Web page caption snippets:
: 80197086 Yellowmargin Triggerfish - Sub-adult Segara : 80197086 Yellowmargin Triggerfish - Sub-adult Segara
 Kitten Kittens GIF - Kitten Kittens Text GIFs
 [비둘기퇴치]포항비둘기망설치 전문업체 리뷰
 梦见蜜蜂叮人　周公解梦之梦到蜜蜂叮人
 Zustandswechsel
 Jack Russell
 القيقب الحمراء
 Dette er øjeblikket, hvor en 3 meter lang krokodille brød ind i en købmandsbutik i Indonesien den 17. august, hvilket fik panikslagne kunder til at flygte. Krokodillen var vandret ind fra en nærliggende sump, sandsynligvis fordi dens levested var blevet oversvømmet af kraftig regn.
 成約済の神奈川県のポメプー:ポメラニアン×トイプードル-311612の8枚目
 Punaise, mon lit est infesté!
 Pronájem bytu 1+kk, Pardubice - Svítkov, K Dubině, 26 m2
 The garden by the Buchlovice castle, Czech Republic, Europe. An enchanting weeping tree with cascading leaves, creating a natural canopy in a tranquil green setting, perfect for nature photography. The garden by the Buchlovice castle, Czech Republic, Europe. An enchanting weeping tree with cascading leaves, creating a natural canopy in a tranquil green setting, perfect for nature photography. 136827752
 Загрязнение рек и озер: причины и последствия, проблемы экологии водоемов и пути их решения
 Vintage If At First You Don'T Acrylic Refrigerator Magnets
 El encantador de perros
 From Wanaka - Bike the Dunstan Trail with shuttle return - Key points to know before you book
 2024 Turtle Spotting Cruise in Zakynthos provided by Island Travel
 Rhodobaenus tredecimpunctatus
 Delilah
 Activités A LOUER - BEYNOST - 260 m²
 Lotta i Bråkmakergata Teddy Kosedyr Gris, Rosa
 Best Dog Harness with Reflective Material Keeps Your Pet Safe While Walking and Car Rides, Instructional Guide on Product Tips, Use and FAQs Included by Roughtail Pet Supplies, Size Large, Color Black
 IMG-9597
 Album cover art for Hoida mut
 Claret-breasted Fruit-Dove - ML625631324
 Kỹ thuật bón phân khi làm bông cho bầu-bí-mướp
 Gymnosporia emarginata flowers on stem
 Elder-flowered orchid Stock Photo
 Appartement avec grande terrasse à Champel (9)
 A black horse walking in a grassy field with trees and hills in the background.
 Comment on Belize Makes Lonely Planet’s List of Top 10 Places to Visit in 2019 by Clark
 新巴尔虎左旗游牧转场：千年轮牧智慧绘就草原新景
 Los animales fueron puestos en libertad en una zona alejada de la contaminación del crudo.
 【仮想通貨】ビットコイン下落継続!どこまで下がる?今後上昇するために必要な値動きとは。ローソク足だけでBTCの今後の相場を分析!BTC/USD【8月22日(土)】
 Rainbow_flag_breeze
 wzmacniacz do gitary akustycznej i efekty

Task details:
Produce only the lines from the line containing "Kỹ thuật bón" through the line containing "Los animales fueron", inclusive of both, exactly as they stand in the entries above.

Response to this exercise:
 Kỹ thuật bón phân khi làm bông cho bầu-bí-mướp
 Gymnosporia emarginata flowers on stem
 Elder-flowered orchid Stock Photo
 Appartement avec grande terrasse à Champel (9)
 A black horse walking in a grassy field with trees and hills in the background.
 Comment on Belize Makes Lonely Planet’s List of Top 10 Places to Visit in 2019 by Clark
 新巴尔虎左旗游牧转场：千年轮牧智慧绘就草原新景
 Los animales fueron puestos en libertad en una zona alejada de la contaminación del crudo.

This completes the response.